Schwächen des Gesundheitswesens sollen beseitigt werden
Griechischen Krankenhäusern stehen rund 317 Millionen Euro für medizintechnische Ausrüstung und die Renovierung zur Verfügung. Mit 278 Millionen Euro sollen E-Health-Anwendungen gefördert werden. Etwa 273 Millionen Euro stehen für die Verbesserung der gesundheitlichen Primärversorgung bereit. In diesem Bereich ergeben sich gute Chancen für deutsche Hersteller, zumal Deutschland der wichtigste Lieferant von Medizintechnik für Griechenland ist.
Große Infrastrukturprojekte sind geplant
Die Modernisierung des Straßennetzes unterstützt die EU mit 1,4 Milliarden Euro. Hierunter fallen der Ausbau des nördlichen Abschnitts der Autobahn E65, die nördliche Autobahnverbindung Kretas und die Athener Vorstadtbahn. Infrastrukturprojekte sollen vermehrt in Form von öffentlich-privaten Partnerschaften realisiert werden, wie beispielsweise die Modernisierung des Eisenbahnnetzes oder der Bau und die Erneuerung von Bewässerungssystemen, Dämmen und Wassertanks.
Realisierung der Projekte als schwierige Aufgabe
Der straffe Zeitplan für die Umsetzung der Maßnahmen bis 2026 stellt eine Herausforderung für das Land dar. Zunächst müssen Reformen realisiert werden, die beispielsweise den rechtlichen Rahmen für E-Ladesäulen schaffen, Steuererleichterungen für Investitionen in „grüne“ und digitale Technologien bieten und das Genehmigungsverfahren für erneuerbare Energien weiter vereinfachen. Mittelfristig soll auch die Bürokratie abgebaut werden. Trotz kleiner erfolgreicher Schritte bleibt auch dies eine wichtige Aufgabe.
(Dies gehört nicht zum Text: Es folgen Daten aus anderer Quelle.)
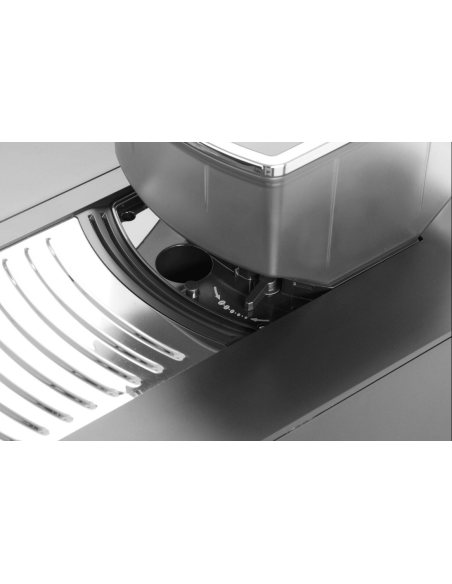 Macchina per Caffè automatica - Serbatoio 6 Litri o Rete Idrica - cm 39 x 54.4 x 57.8 h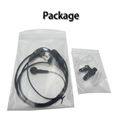  acoustic Tube earphone for motorola M10203 3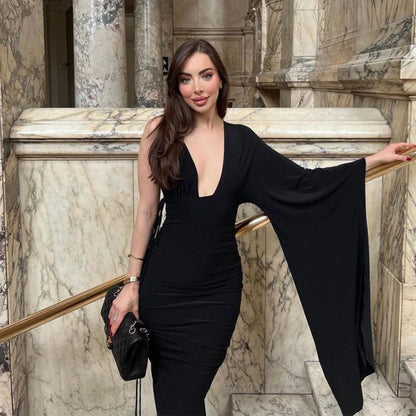 Women’s Maxi Dress | One Shoulder | Backless | Party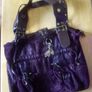 Purple lovely bag Image 2
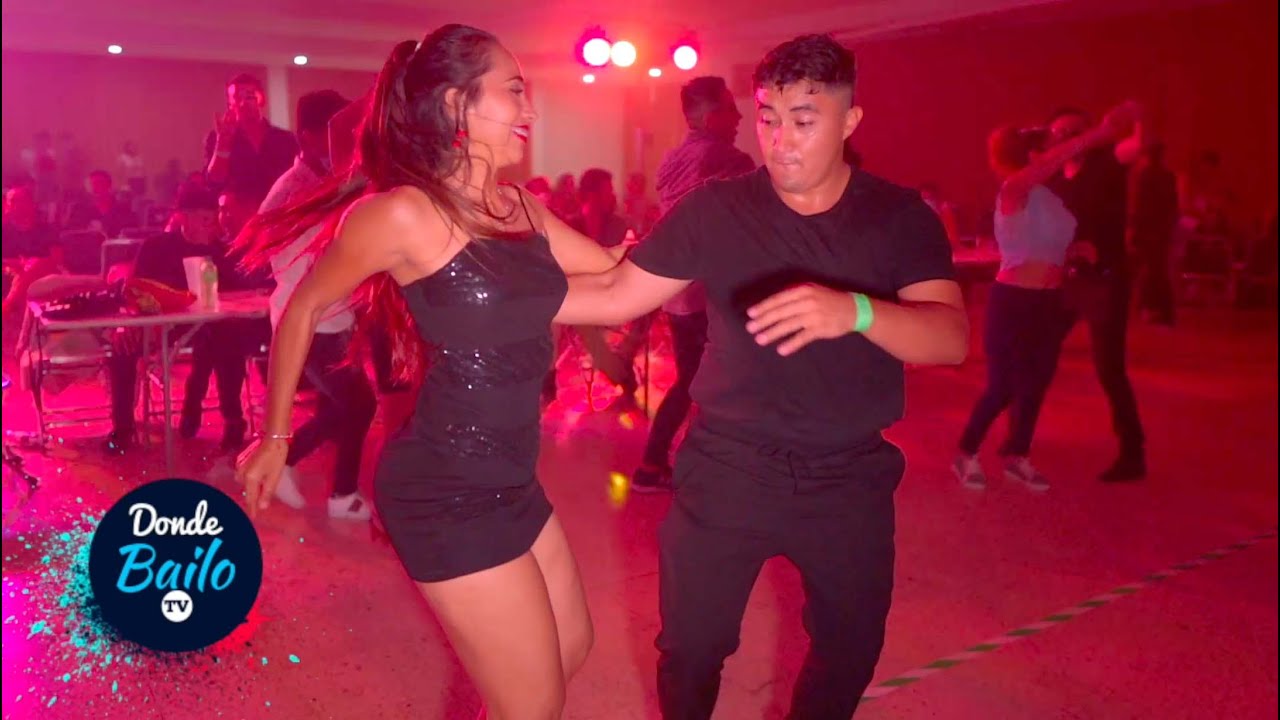 Bailando Salsa en Mexico - No le pegue a la Negra | Campeche Salsa Festival 2021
Jedes Jahr müssen rund 6 Milliarden Euro genutzt werden. Alle sechs Monate gibt es Kontrollen seitens der EU. Kommt es zu Verzögerungen, werden Gelder gekürzt. Daneben soll der griechische Staat für die Mittel aus dem Topf der öffentlichen Investitionen aufkommen. Auch die 26 Milliarden Euro an privatem Kapital, die für Investitionen mobilisiert werden müssen, bereiten Kopfzerbrechen. Nur wenige Unternehmen sind in der Lage, Eigenkapital zur Verfügung zu stellen, das Investitionsrisiko auf sich zu nehmen oder Finanzinstitute zur Vergabe entsprechender Kredite zu bewegen.